Go to the line holding "Belíssima casa em Petrópolis" in the data below and repeat it exactly, then each line after it up to and including the one holding "Fun Button Sling Bag". Omit pictures.

── Data to process

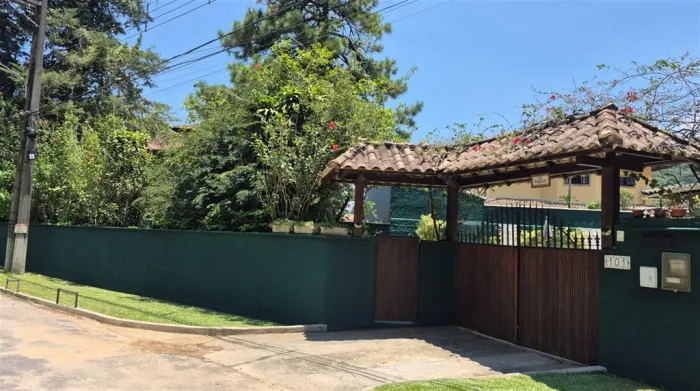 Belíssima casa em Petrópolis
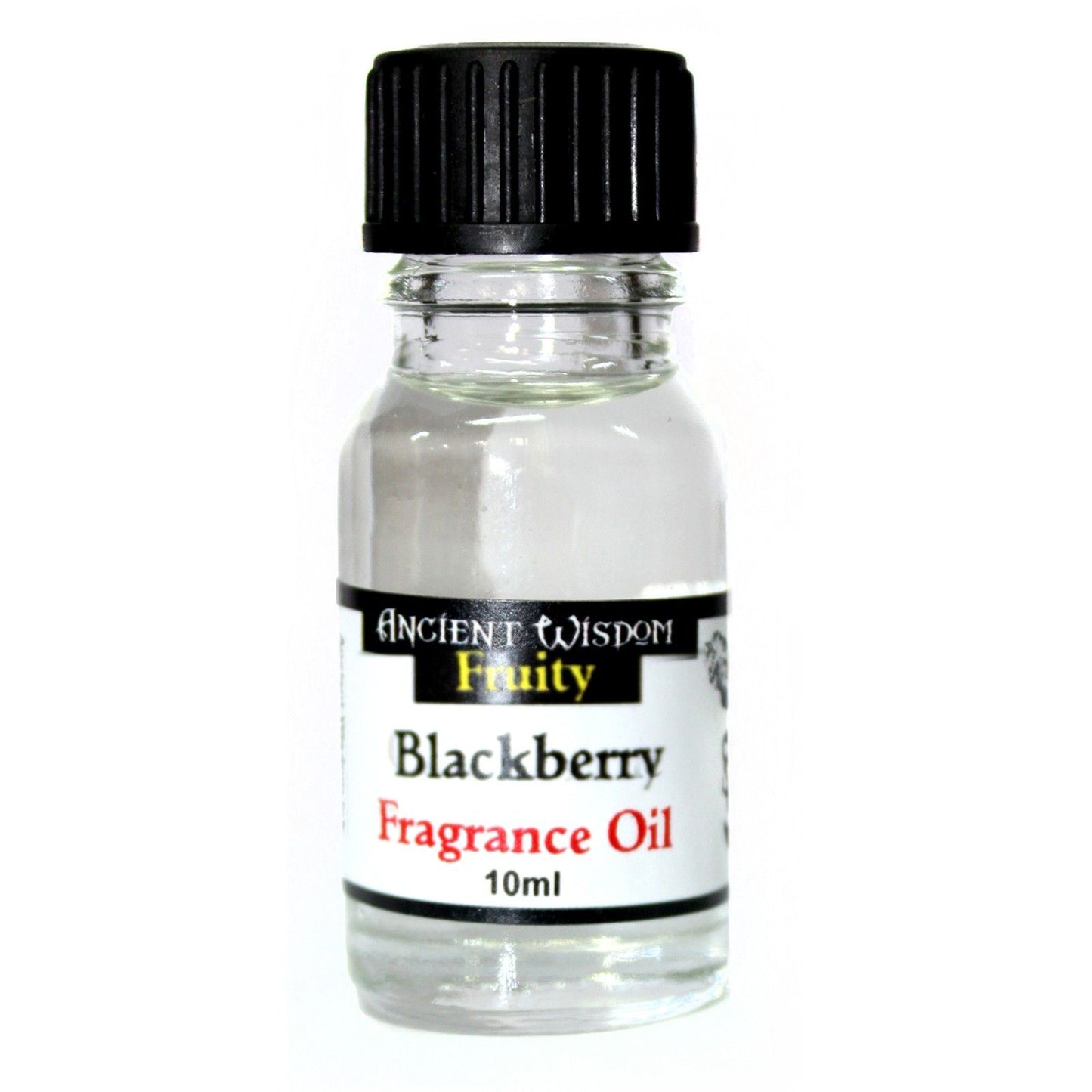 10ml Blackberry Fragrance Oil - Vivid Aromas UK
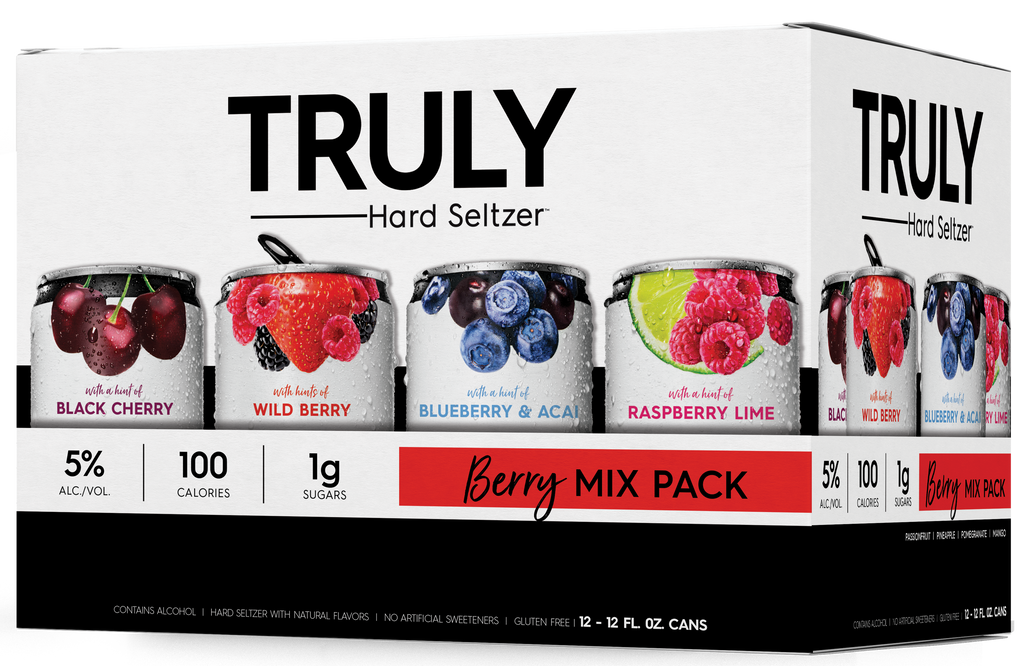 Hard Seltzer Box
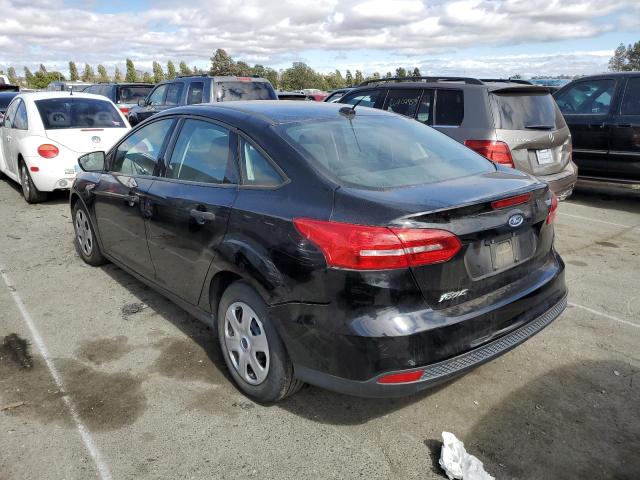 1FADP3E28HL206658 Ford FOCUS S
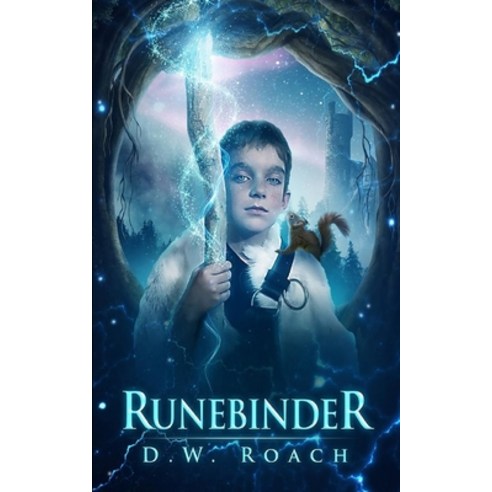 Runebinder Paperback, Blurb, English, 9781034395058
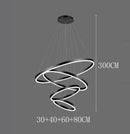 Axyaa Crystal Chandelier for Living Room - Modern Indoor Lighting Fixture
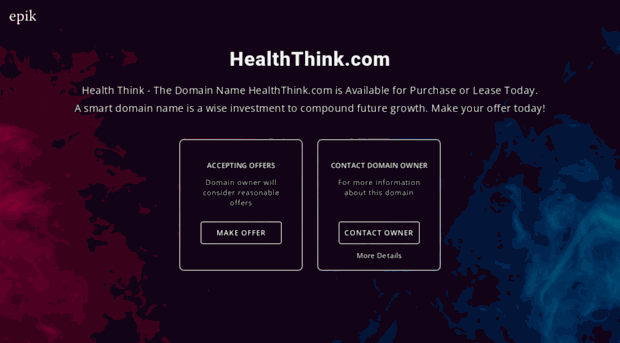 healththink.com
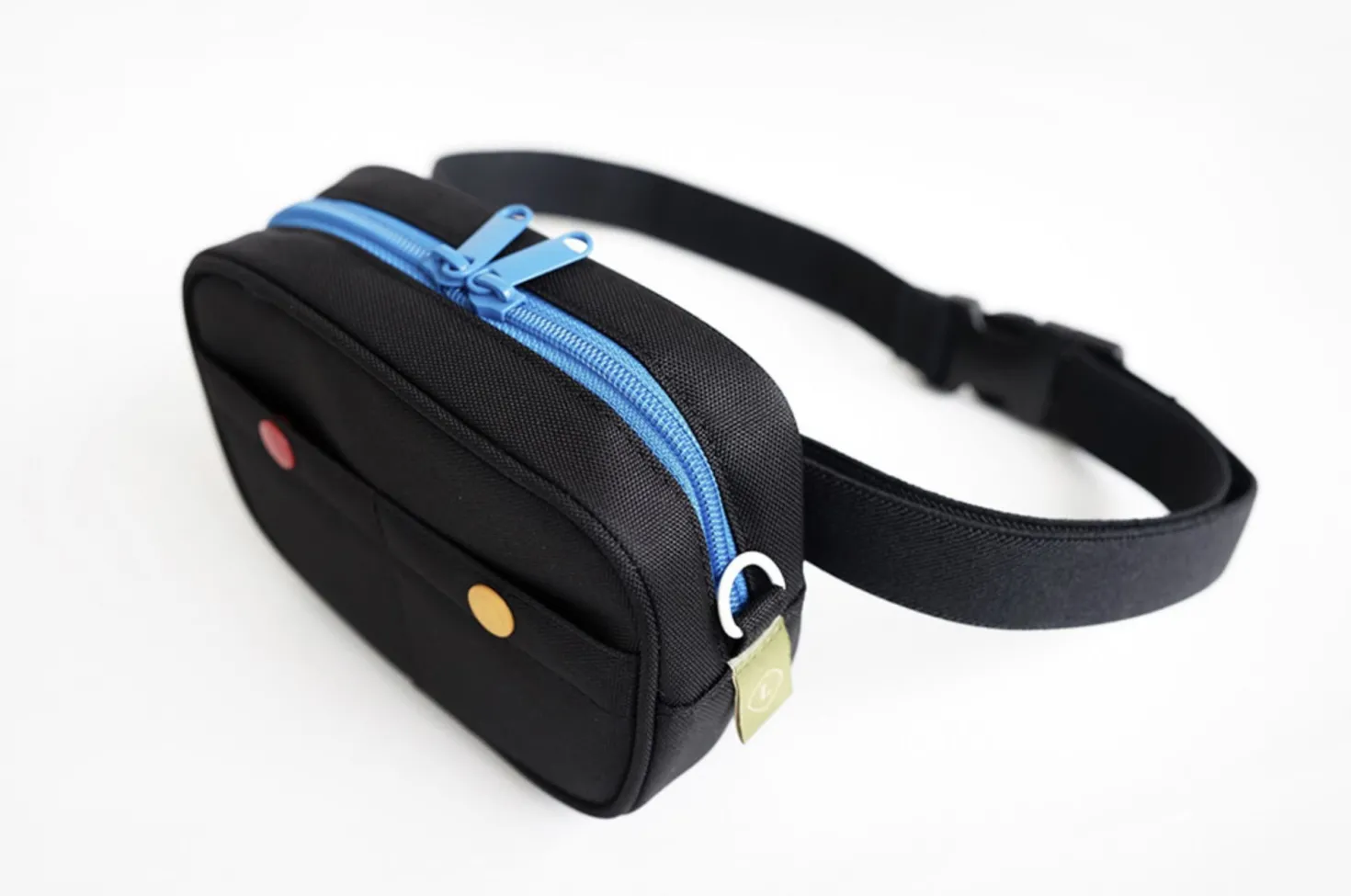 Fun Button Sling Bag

────
── Data to process

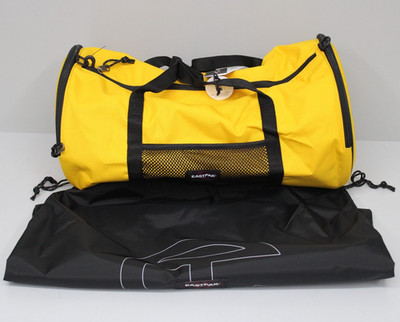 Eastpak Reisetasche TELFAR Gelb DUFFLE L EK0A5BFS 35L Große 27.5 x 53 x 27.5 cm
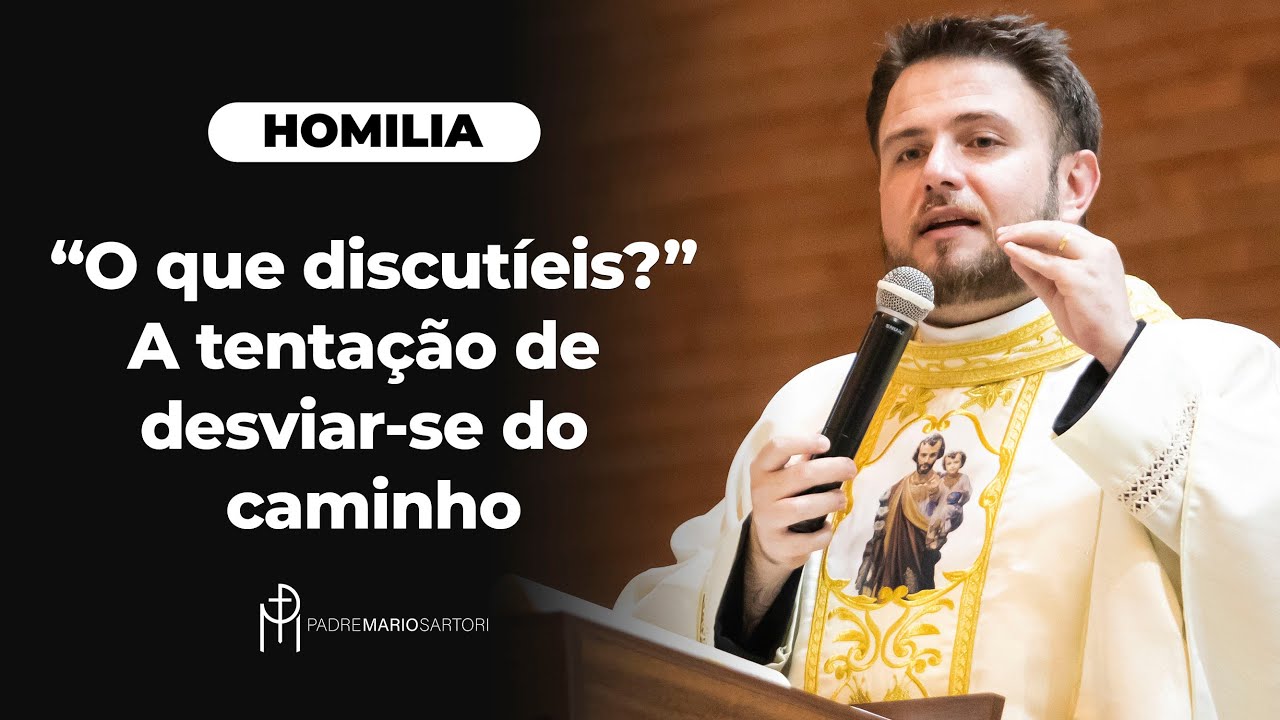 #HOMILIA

────

- _Completed task_:
 Belíssima casa em Petrópolis
 10ml Blackberry Fragrance Oil - Vivid Aromas UK
 Hard Seltzer Box
 1FADP3E28HL206658 Ford FOCUS S
 Runebinder Paperback, Blurb, English, 9781034395058
 Axyaa Crystal Chandelier for Living Room - Modern Indoor Lighting Fixture
 healththink.com
 Fun Button Sling Bag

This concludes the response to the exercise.